WHAT THE TASK REQUIRES - Would it be possible to output exactly, and only, the lines below from the one holding "Doc Holliday Spiral" to the last line, both included, with every picture left out?

RECORDED INFORMATION -
====
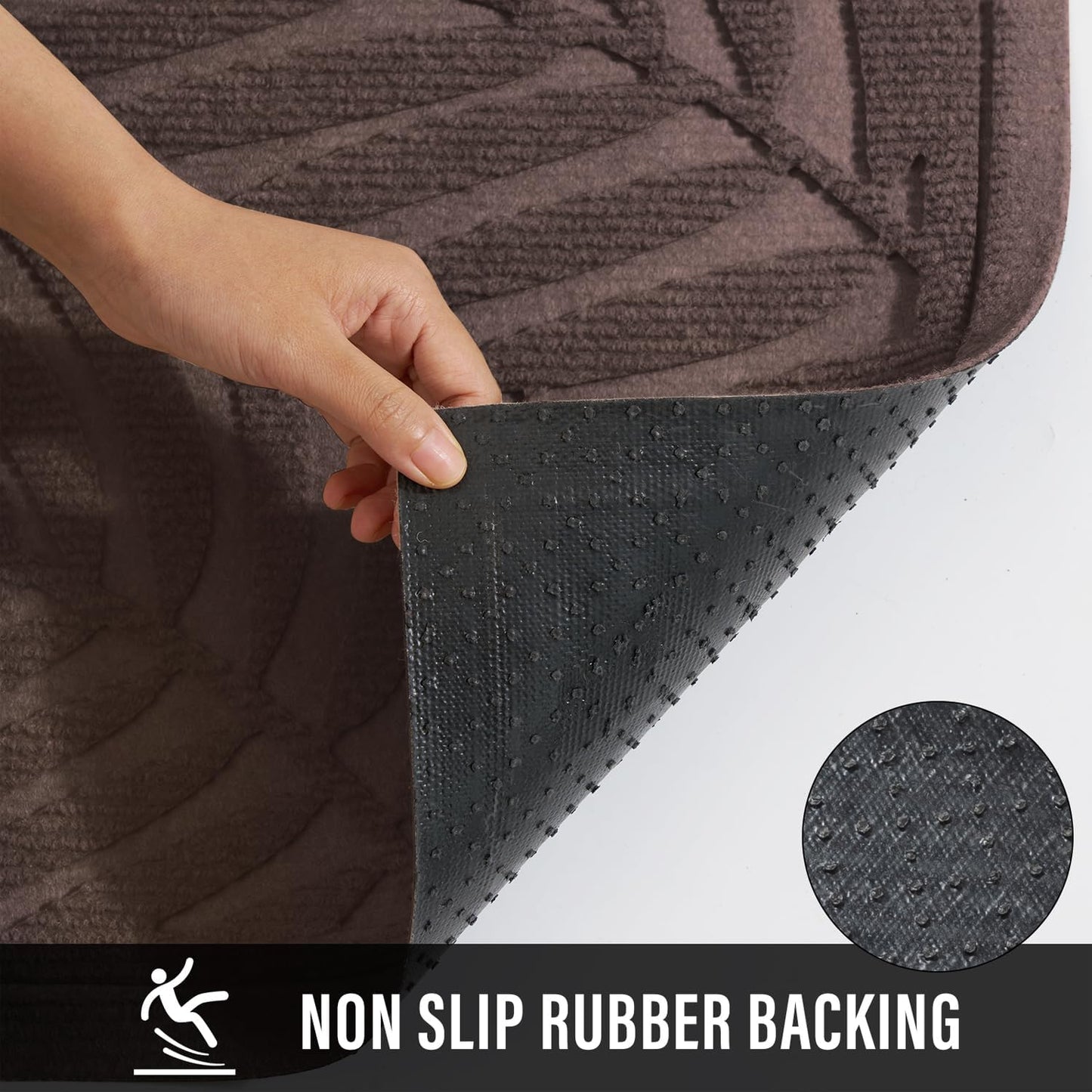 Front Door Mat, Absorbent Resist Dirt Welcome Door Mat Indoor Outdoor, Waterproof Doormat, Sturdy Non Slip Backing, Fade Resistant, Low Profile Entry Mat for Entryway, 36×24, Coffee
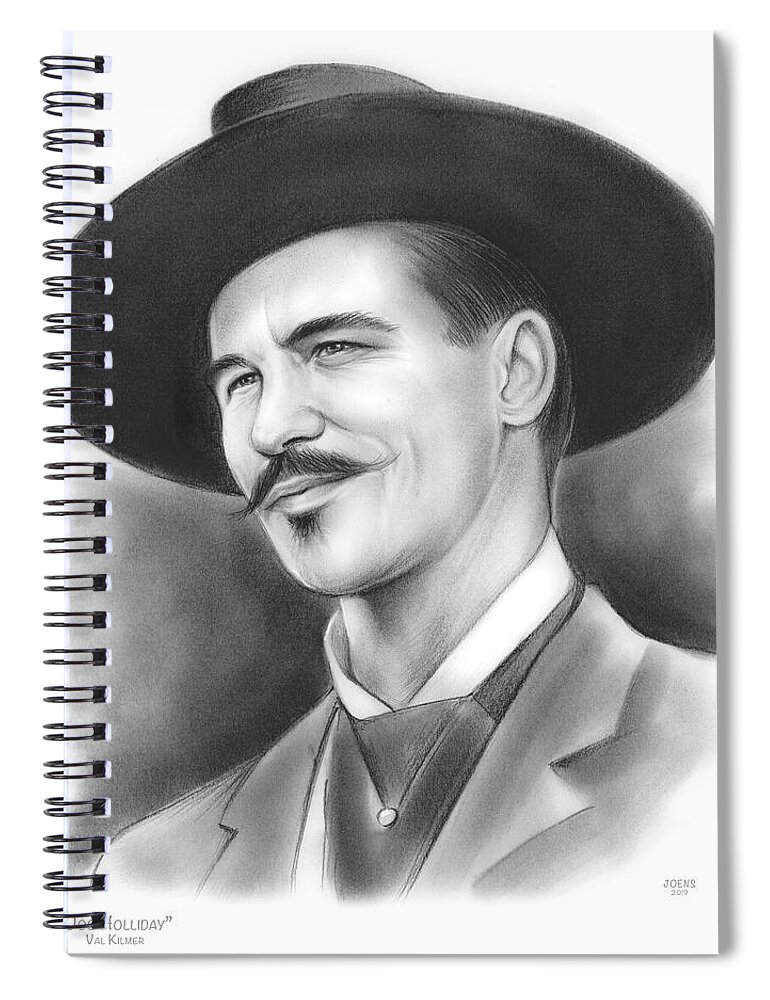 Doc Holliday Spiral Notebook featuring the drawing Doc Holliday by Greg Joens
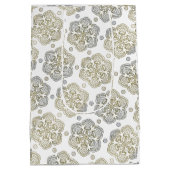 Retro Zilver Goud Bloem Patroon Medium Cadeauzakje (Achterkant)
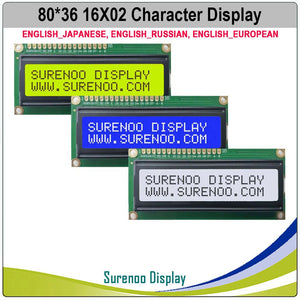 English / Japanese / Russian / European 1602 162 16X2 Character LCD Module Display Screen LCM Build-in SPLC780D Controller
====
COMPLETED TASK -
 Doc Holliday Spiral Notebook featuring the drawing Doc Holliday by Greg Joens
 Retro Zilver Goud Bloem Patroon Medium Cadeauzakje (Achterkant)
 English / Japanese / Russian / European 1602 162 16X2 Character LCD Module Display Screen LCM Build-in SPLC780D Controller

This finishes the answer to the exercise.